Retail sales advanced 0.9% in March, the fastest monthly increase in a year, according to the Department of Commerce. The increase, which was the first in four months, was slightly below forecasts.
In annualized terms, retail sales increased 1.3% in March, official data showed.
Most retail sub-sectors reported gains in March, led by automotive dealers. Motor vehicle and parts dealers posted a 2.7% increase from February. Year-on-year, this translated into a gain of 5.2%.
Sales also increased at furniture stores, building material and garden equipment stores, food stores and miscellaneous retailers.
Receipts fell at gasoline stations, electronics and appliance stores and nonstore retailers, official data showed.
So-called core retail sales, which exclude automobiles, gas, building materials and food, increased 0.3% from February.
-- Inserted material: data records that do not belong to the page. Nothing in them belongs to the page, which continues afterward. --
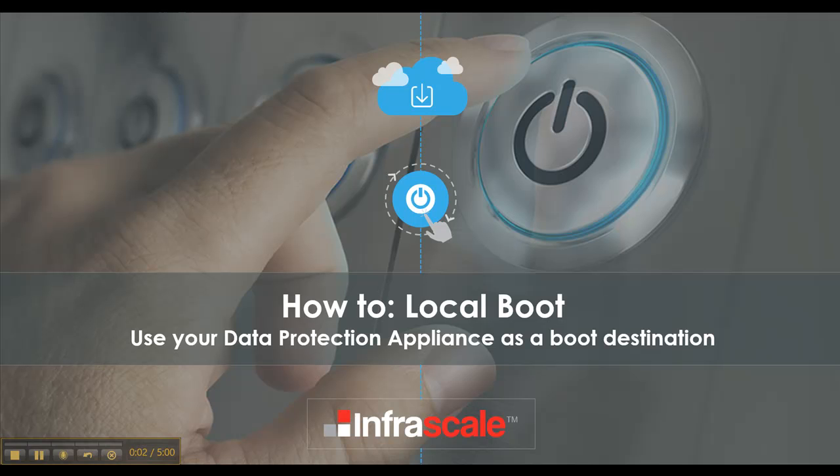Welcome to another how-to Infrascale video. Today we're going to go through how to local boot using your data protection appliance as your boot destination.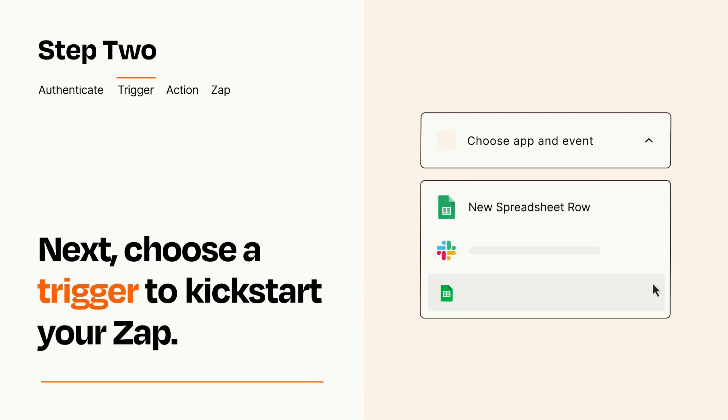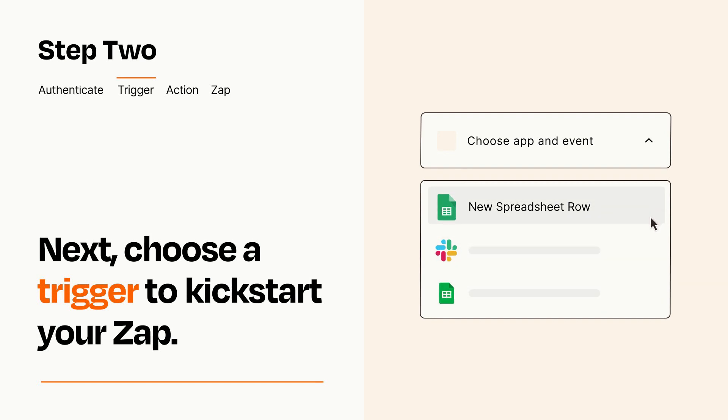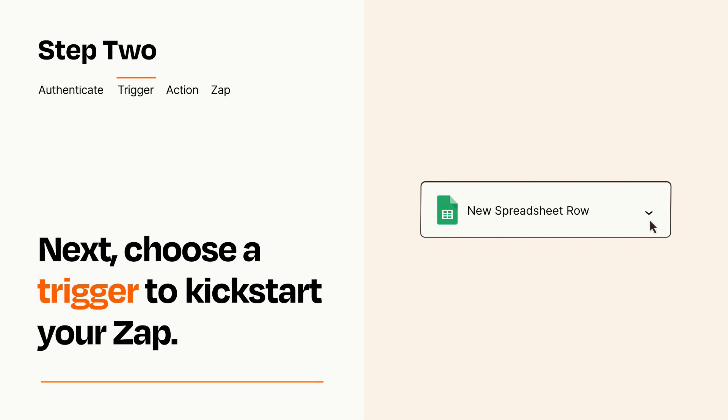Pick the trigger event that you want from the list. When you set up this step, your Zap will pull in test data from your trigger app that you'll see later when setting up your action app.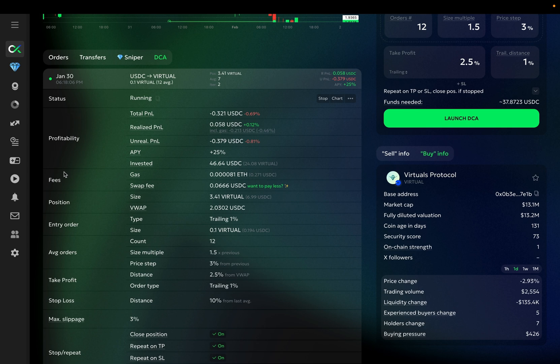Now, let's dive into the Profitability section. Here is the Total P&L, which is the sum of the Realized and Unrealized P&Ls.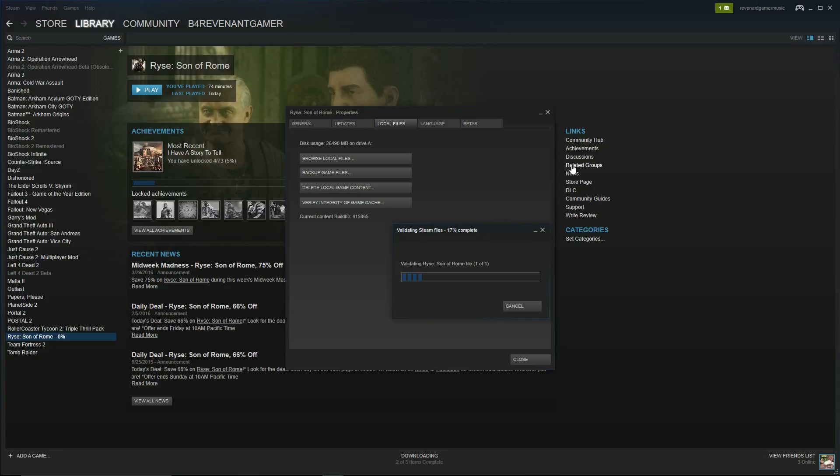So what I did is I went and validated the files, and it found that one of the files was missing. Then it downloaded 1.4 gigabytes of data, which I'm guessing was probably all the cutscenes again. I restarted it and it started working.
That was also weaker than forecasts, which called for a 0.5% increase.
Excluding motor vehicles and parts, retail sales increased just 0.4%.
Stronger retail sales ease concerns about a much bigger slowdown in the US economy. Earlier this month the Department of Labor said nonfarm payrolls rose by just 126,000 in March, the smallest increase since 2013. Employment growth is expected to regain traction in the coming months amid higher overall demand and warmer weather.
The US economy had a disappointing first quarter, according to analysts, who say that subpar trade, consumer spending and manufacturing growth probably weighed on gross domestic product. US GDP is forecast to grow around 1.5% annually in the first quarter. Economic activity is forecast to rebound sharply in subsequent quarters, mirroring last year’s developments.
A separate report on Tuesday showed that US producer prices increased faster than forecast in March. The producer price index climbed 0.2% from February, compared to expectations calling for 0.1%. Producer prices had declined 0.5% the previous month.
The Board of Governors of the Federal Reserve System on Wednesday will report on industrial production and capacity utilization. Industrial production is forecast to decline 0.3% in March, according to analysts.